Abraham Lincoln decides to go out for a night at the theatre – Long beards and tall hats have never been quite as popular since.
Custer tells his men “we can have these” at the Little Big Horn – Short back and sides all round for the Yankee cavalry
King Harold plays ‘head butt the arrow’ at the Battle Of Hastings – It all went a bit garlic flavoured for years afterwards
Chris Waddle skies his penalty in the World Cup Semi-Final – The ghost of 1966 haunts us all still after the Geordie Mullet Man sends his spot kick into orbit.
King Canute says “I can hold back the tide” - King makes himself look foolish and inadvertently invents the pastime of paddling which has been the thorn of English holidaymakers for generations
Carl Williams says he will open Mike Tyson up ‘like a tin of peaches’ – Iron Mike sends the challenger packing in the first round before, presumably, going back to his dressing room to open up his own fruit.
Michael Foot tells his advisors “this duffel coat will wow the voters” – Labour take a royal stuffing in the ’83 election as Labour register a record low 26% of the vote.
Fanie De Villiers rattles Devon Malcolm’s lid at The Oval - ‘Boks quickly dispatched as 9-53 Devon destroys the tourists having earlier warned them ,”You guys are history”. Not quite memorable enough for Ted Dexter to get his two names the right way round though.
Julius Cesaer leaves stab proof toga at home - The Ides of March prove a prickly obstacle for ancient world warlord
Scott of the Antarctic forgets to pack his ‘skidoo’ – English adventurer has dubious honour of getting ‘Nil Points’ against the Norwegians
Tony Grieg says he intends to make West Indies ‘grovel’ – Oh dear! It would appear that a certain M Holding and the rest of the boys had a rather different plan. Perhaps times haven’t changed all that much.
Charles Kennedy forgets the deodorant – All is shown not to be well with ailing Lib Dem leader who sweats his way through speech, perhaps he heard the bars wouldn’t be opening for a while.
Graham Taylor says “Do I not like that Carlton Palmer” - No, still don’t know precisely what the Turnip meant by that but the thought of Carlton in an England shirt still scares me rigid.
Hundreds of slaves saying “I'm Spartacus” – Kirk Douglas was about to admit his true self in the aftermath of the battle when every man and his dog has an identity crisis and tries to convince the Romans they are actually the ancient worlds most wanted man. They were going to let you go, you fools!
Lois Lane not seeing through Clark Kent’s intricate glasses disguise - Yes, that’s right. With the glasses he was Clark Kent, without them he was Superman. One pair of horned rimmed ‘bins’ seemingly protected the identity of the worlds most super guy and no-one ever realised?
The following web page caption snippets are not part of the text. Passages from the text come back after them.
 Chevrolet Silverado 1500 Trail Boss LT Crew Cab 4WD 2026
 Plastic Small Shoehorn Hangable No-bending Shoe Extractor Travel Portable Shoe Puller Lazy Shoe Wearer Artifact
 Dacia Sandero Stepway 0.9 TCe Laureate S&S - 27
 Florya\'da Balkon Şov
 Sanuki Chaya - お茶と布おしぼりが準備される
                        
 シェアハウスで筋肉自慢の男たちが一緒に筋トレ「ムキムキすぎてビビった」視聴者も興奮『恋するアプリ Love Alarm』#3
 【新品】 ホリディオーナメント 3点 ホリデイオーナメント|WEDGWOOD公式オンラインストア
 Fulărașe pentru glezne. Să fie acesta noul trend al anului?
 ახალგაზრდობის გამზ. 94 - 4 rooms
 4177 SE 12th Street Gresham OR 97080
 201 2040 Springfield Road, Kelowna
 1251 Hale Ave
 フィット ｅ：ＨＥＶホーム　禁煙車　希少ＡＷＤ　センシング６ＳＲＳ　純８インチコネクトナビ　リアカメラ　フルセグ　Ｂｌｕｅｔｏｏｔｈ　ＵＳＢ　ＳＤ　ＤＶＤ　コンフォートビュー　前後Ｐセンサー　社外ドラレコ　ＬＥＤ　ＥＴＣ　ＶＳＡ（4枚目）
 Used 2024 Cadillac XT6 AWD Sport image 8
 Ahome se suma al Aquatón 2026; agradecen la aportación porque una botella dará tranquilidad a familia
Also, why did Lex Luthor never twigg that all he had to do to defeat his nemesis was to ensure that all the phone boxes in Metropolis were in use when the required moment arrived?
Bill Clinton and the intern - God bless ex President Bill, definintely brought some colour to the White House. Unfortunately he will be remembered in one part for a particularly unpleasant episode with a female member of the administration. Why didn't some one explain to him that that wasn't the way to light a cigar?